Western Europe was also introduced to the Sgraffito technique from Persia and the Byzantium World. Trade from Italy during the Renaissance had a big impact in its spread. Potteries in the Netherlands produced sgraffito earthenware for use in the home. Much of the notable sgraffito work done in Europe, especially Germany was created in plaster rather that pottery ware.
Of collectable American pottery, redware pottery embellished with Sgraffito work is some of the rarest. The iron rich clay used is plentiful along the Atlantic Seaboard however early pottery was created for utility. The majority of the Sgraffito redware was produced in the Pennsylvania Dutch region of southeast Pennsylvania and in North Carolina. Decorative sgraffito for the home was popular in the period between 1810 and 1840 but was replaced by fashionable society for new trends around 1870.
An internet search of contemporary Sgraffito pottery turned up reference to the use of the technique in Southwest Traditional Pottery Production. Rosa Gonzales (1900-1989) of the San Ildefonso Pueblo is given credit for using the technique and bringing it into the repertoire of pottery styles used in her pueblo. It can also be seen incorporated into the work by individuals from several Southwest Pueblos.
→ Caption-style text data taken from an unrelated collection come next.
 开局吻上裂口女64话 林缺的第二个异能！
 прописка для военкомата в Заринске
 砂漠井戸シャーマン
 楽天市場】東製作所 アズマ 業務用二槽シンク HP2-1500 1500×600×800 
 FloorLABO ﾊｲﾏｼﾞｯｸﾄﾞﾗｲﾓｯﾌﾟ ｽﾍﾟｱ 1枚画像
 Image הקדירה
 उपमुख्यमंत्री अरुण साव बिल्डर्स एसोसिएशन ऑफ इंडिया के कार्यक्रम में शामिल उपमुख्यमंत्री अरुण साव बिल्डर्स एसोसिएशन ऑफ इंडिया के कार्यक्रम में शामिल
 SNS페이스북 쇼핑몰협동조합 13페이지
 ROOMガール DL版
As with all art forms, contemporary potters have fused practices of the past with the variety and wide availability of new products. Individuals use their knowledge, talent, and creativity to put their own stamp on their work wherever they stay true to tradition or fuse old technique with new. In contemporary pottery, Sgraffito work can be found as the singular means of decoration or part of a fusion of multiple decorative processes.